Responsibilities:
- Apply analytical separation and detection methods for complex impurity profiling of pharmaceutical products to advise molecule selection.
- Generate new scientific proposals and lead efforts; anticipate and respond to scientific/regulatory advances or competitive threats.
- Demonstrate scientific initiative and creativity; maintain high lab productivity.
- Embrace othersβ ideas, nurture and manage innovation to reality.
- Raise the bar; drive continuous improvement.
- Understand and comply with safety, quality, and regulatory policies and government regulations.
Qualifications:
- Bachelors, Masters, or Ph.D. in Analytical Chemistry with typically 14 (BS), 12 (MS), or 6 (Ph.D.) years related industry experience.
- Strong analytical chemistry background; excellent analytical problem-solving; independently develop and troubleshoot analytical methods.
- Leadership in solving technical challenges across therapeutic modalities, specifically lipid nanoparticles (LNP) and small molecules.
- Highly desired: demonstrated experience with mass spectrometry (MS) instrumentation for structure elucidation and trace quantitation.
- Working knowledge of HPLC, UPLC, GC, DSC, TGA, DVS, PXRD, NMR, dissolution.
- Familiarity with physicochemical properties in drug delivery/formulation design.

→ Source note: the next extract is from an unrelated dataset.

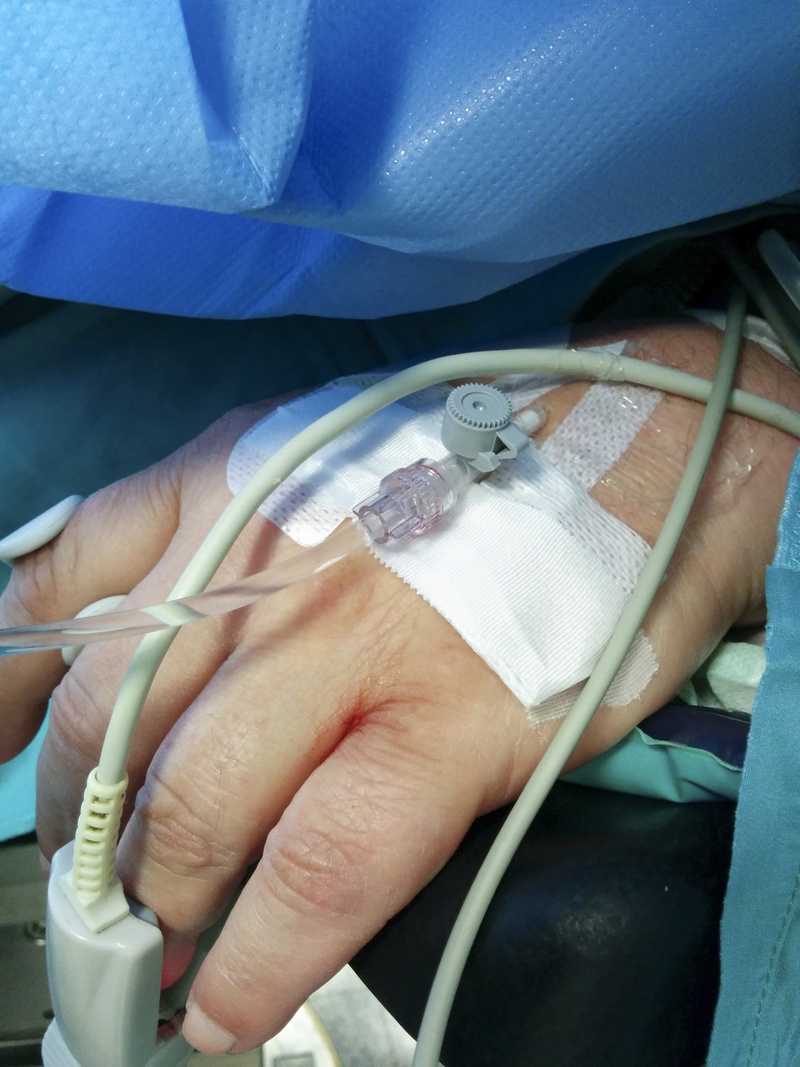 Schlussendlich wird die Infusion an einem Zugang zum Patienten angeschlossen, hier an einer peripheren Venenverweilkanüle.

- Working knowledge of formulation approaches and routes of administration (IV, SC, IP, PO) across multiple species.
- Knowledge of preclinical/clinical formulation development principles for lipid nanoparticles.
- Creative out-of-the-box problem solving; self-motivated, detail-oriented; able to work in fast-paced teams.
- High-quality written/oral communication; interact effectively with interdisciplinary scientists/engineers.
Work Location:
- AbbVie Bioresearch Center (Worcester, MA) with 50% on-site support there and 50% on-site support at AbbVie Cambridge Crossing (Cambridge, MA) based on project needs.